Phèdre de Racine
mise en scène de Laurent Domingos - Cie Minuit 44
Jeudi 7 octobre
Comment représenter au XXIe siècle la tragédie de Phèdre ?
Mettre l’accent sur l’atmosphère de la Grèce, là où se déroule l’action, ou sur le XVIIe siècle, époque de l’auteur Racine, ou sur la portée moderne du débat entre le déterminisme représenté par le pouvoir des dieux et la liberté humaine ? Observons la mise en scène, puis les personnages et enfin la diction des comédiens.
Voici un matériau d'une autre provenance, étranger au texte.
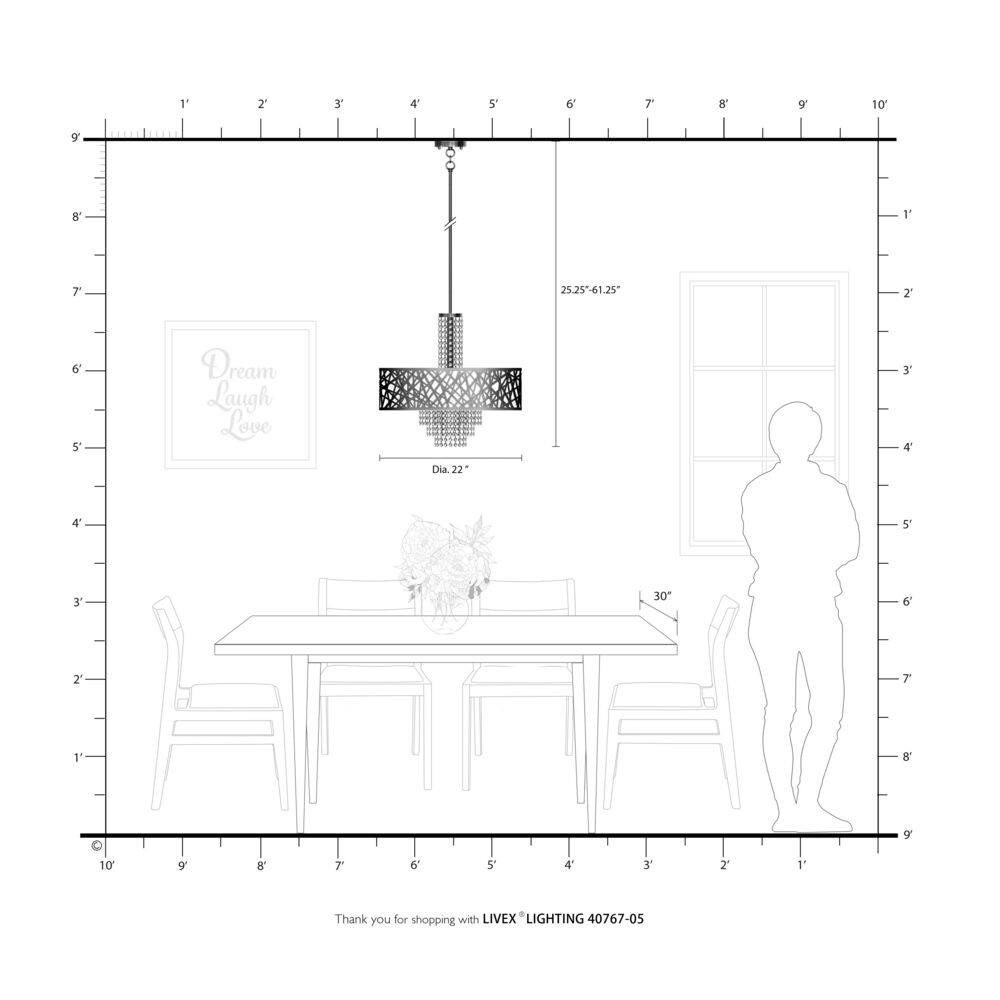 Polished Chrome 5-Light Drum Chandelier with Crystal Accents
La tragédie, présentée avec quelques coupures, se déroule dans une mise en scène très sobre ; on voit deux sources de lumière : une sorte de vitrail figure le Soleil, aïeul de Phèdre, et un autre représente l’au-delà où Minos, le père de Phèdre, juge les morts aux Enfers.
Ainsi, Phèdre est cernée de toutes parts : sur terre, elle est, en tant que descendante du Soleil, victime de Vénus qui se venge de lui et, dans l’au- delà, elle sera jugée par son propre père.
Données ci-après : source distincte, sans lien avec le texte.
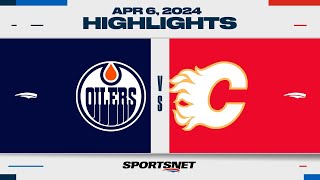 NHL Highlights  Oilers vs Flames  April 6 2024 [upl. by Naujal]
La déesse Vénus apparaît physiquement sur scène sous la forme d’une jeune et souple gymnaste ; c’est un personnage ajouté par le metteur en scène qui s’inspire en cela de la tragédie d’Euripide : « Hippolyte porte- couronne », où Vénus, présente dans le prologue, expose la situation.
Vénus persécute la famille du Soleil et poursuit également de sa haine Hippolyte qui s’est toujours détourné de l’amour. La déesse, présente sur scène, joue à la fois le rôle du destin et du chœur antique qui annonce les événements et les commente.
La comédienne s’aide en cela d’un instrument de musique inhabituel : le waterphone, au son étrange, comme un écho de l’au-delà.
Les personnages, en beaux costumes colorés où l’orangé domine, portent des cravates qui, chez les hommes, représentent l’ autorité, le pouvoir, et les femmes sont étranglées par des liens symbolisant leur sujétion.
Ce qui frappe, ce sont les rapprochements physiques entre les personnages qui s’embrassent, se témoignent leur affection et leur amour par de grands élans mutuels ; aucun geste déplacé ou choquant (on est loin de l’expression sur scène des fantasmes des personnages dans la mise en scène d’Anne Delbée en 1995) ; tout est suggéré, amorcé, comme dans le texte de Racine, le poète du désir.
Oenone, souvent présentée comme l’âme damnée de Phèdre, lui témoigne ici une affection sincère et profonde.
Laurent Domingos a choisi de présenter – et c’est là l’un des aspects modernes de la conception – des femmes « guerrières », luttant contre le pouvoir des dieux et des hommes.
Devant les femmes, les hommes ont des réactions très visibles : ainsi, Thésée, à son retour, manifeste vivement sa stupéfaction devant le rejet de son épouse.
Au lieu que les personnages, comme souvent dans les représentations traditionnelles de Phèdre, restent isolés chacun dans sa honte, sa jalousie ou sa douleur, ils communiquent vraiment par leurs attitudes et leurs déplacements.
Enfin, ils s’expriment bien sûr grâce aux vers raciniens qu’ils articulent avec fermeté, netteté et naturel, loin des déclamations du XVIIe siècle.
Le metteur en scène Laurent Domingos évoque sur scène l’atmosphère grecque ; il fait des femmes Phèdre et Aricie des « guerrières » qui luttent contre le carcan imposé par une société dominée par les hommes ; il donne aux vers raciniens toute leur force et leur clarté.
En quelques mots, il s’agit d’un spectacle coloré, avec des personnages certes maudits par les dieux ou les hommes, mais ardents et combatifs.